US Vice President Dick Cheney has said that accusations the Bush administration manipulated intelligence to justify the war were a "dishonest and reprehensible" political ploy.
In the sharpest White House attack yet on critics of the Iraq war, Mr Cheney called Democrats "opportunists" who were peddling "cynical and pernicious falsehoods" to gain political advantage while US soldiers died in Iraq.
Democrats criticised the comments, but President Bush, who is in South Korea, defended Mr Cheney . He said it was "patriotic as heck" to disagree with him but that Democrats were irresponsible for accusing him of misleading Americans about the threat posed by Saddam Hussein.
"What bothers me is when people are irresponsibly using their positions and playing politics.
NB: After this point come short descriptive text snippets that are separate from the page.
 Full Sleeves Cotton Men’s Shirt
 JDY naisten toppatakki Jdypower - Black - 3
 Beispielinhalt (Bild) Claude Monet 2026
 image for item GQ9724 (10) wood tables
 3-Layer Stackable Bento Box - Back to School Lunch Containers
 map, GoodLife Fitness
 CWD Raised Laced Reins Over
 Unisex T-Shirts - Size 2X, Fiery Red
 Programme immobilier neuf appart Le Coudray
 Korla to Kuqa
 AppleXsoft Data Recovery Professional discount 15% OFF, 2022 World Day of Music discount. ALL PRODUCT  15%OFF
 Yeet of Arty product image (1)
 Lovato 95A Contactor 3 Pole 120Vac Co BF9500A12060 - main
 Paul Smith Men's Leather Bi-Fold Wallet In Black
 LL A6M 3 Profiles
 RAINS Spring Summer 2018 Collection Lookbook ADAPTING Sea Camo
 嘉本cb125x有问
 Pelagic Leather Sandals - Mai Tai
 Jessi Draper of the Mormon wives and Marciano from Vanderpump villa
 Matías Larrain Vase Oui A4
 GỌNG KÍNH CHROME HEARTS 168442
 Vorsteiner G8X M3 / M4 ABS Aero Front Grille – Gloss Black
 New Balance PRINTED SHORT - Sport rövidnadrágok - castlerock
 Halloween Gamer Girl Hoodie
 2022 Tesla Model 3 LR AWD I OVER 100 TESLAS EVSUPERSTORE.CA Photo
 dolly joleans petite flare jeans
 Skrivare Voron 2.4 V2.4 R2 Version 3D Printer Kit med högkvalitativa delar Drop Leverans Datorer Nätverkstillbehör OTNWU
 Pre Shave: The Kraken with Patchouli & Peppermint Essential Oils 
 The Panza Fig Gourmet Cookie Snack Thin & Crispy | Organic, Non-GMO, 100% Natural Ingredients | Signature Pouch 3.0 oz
That's exactly what is taking place in America," he said.
Mr Cheney repeated Bush's charge that Democratic critics were rewriting history by questioning prewar intelligence on Iraq's weapons of mass destruction even though many Senate Democrats voted in October 2002 to authorise the invasion.
His comments were the latest salvo in an aggressive White House counterattack on war critics, which come as Democrats step up their criticism of the war and polls show declining public support for the conflict.
Senate Democratic Leader Harry Reid of Nevada responded that "tired rhetoric and political attacks do nothing to get the job done in Iraq."
Massachusetts Democratic Sen. John Kerry accused Cheney of engaging "in the politics of fear and smear. . . . It is hard to name a government official with less credibility on Iraq than Vice President Cheney."